TSSB-3M: Mining single statement bugs at massive scale

Mining tool and large-scale datasets of single statement bug fixes in Python

[PAPER | DATASETS | CODE ARTIFACT]

Access to single statement bug fixes at massive scale is not only important for exploring how developers introduce bugs in code and fix them but it is also a valuable resource for research in data-driven bug detection and automatic repair. Therefore, we are releasing multiple large-scale collections of single statement bug fixes mined from public Python repositories.

⚠️ Deduplicated Datasets

We came to notice that our datasets contain a significant number of duplicate patches that were missed by our deduplication procedure. To mitigate this, we are releasing cleaned versions of TSSB-3M and SSB-9M:

CTSSB-1M A cleaned version of TSSB-3M containing nearly a million isolated single statement bug fixes.
CSSB-2.6M A cleaned version of SSB-9M containing over 2.6 million single statement bug fixes.

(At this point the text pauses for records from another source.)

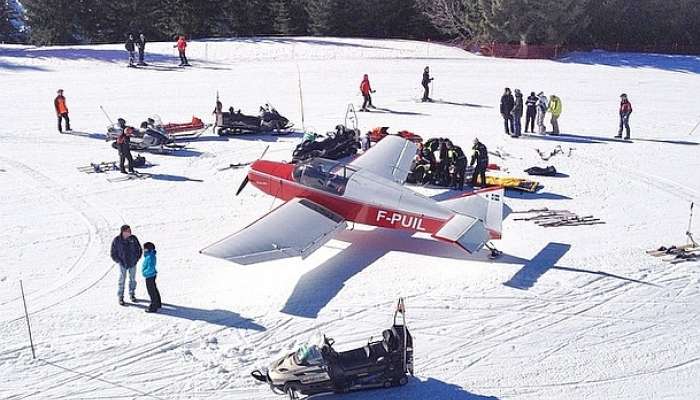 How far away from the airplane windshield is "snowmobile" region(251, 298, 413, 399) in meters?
5.41

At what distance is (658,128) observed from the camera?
25.0 m

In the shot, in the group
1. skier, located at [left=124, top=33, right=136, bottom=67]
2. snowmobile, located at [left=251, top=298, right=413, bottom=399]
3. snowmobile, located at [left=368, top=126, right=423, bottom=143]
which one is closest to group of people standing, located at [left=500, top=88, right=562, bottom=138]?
snowmobile, located at [left=368, top=126, right=423, bottom=143]

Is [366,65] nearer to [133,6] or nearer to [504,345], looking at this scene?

To obtain the cleaned versions of the two datasets we implemented a more aggressive deduplication scheme (see run_udiff_deduplication.py). The cleaned datasets are also available on Zenodo. Statistics of the new datasets can be found below.

Datasets

To facilitate future research, we are releasing three datasets:

TSSB-3M: A dataset of over 3 million isolated single statement bug fixes. Each bug fix is related to a commit in a public Python that does not change more than a single statement.
SSB-9M: A dataset of over 9 million single statement bug fixes. Each fix modifies at least a single statement to fix a bug. However, the related code changes might incorporate changes to other files.
SSC-28M: A dataset of over 28 million general single statement changes. We are releasing this dataset with the intention to faciliate research in software evolution. Therefore, a code change might not necessarily relate to a bug fix.

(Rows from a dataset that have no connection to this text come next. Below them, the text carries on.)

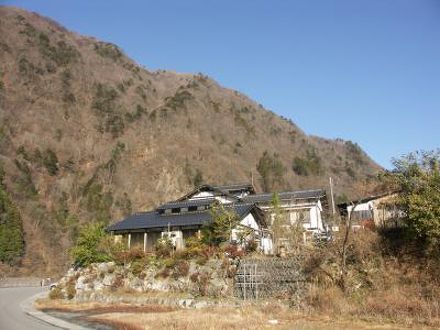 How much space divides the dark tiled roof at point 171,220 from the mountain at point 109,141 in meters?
25.3

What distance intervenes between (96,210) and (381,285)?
58.8 meters

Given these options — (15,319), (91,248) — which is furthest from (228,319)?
(91,248)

All datasets are available at Zenodo.

The datasets were collected for our research project related to:

@inproceedings{richter2022tssb,
  title={TSSB-3M: Mining single statement bugs at massive scale},
  author={Cedric Richter, Heike Wehrheim},
  booktitle={MSR},
  year={2022}
}

Mining tool

This project has lead to muliple open source libraries released in indepedent repositories:

code.diff: A library for fast AST based code differencing. The library is employed to compute AST edit script between code changes and the detection of SStuB patterns.
code.tokenize: A library for fast tokenization and AST analysis of program code. This library was mainly developed for parsing source code during code differencing and is therefore the base for code.diff.

This repository additionaly includes all scripts used for mining single line edits and for filtering the datasets for single statement bug fixes. A description of the mining process can be found below.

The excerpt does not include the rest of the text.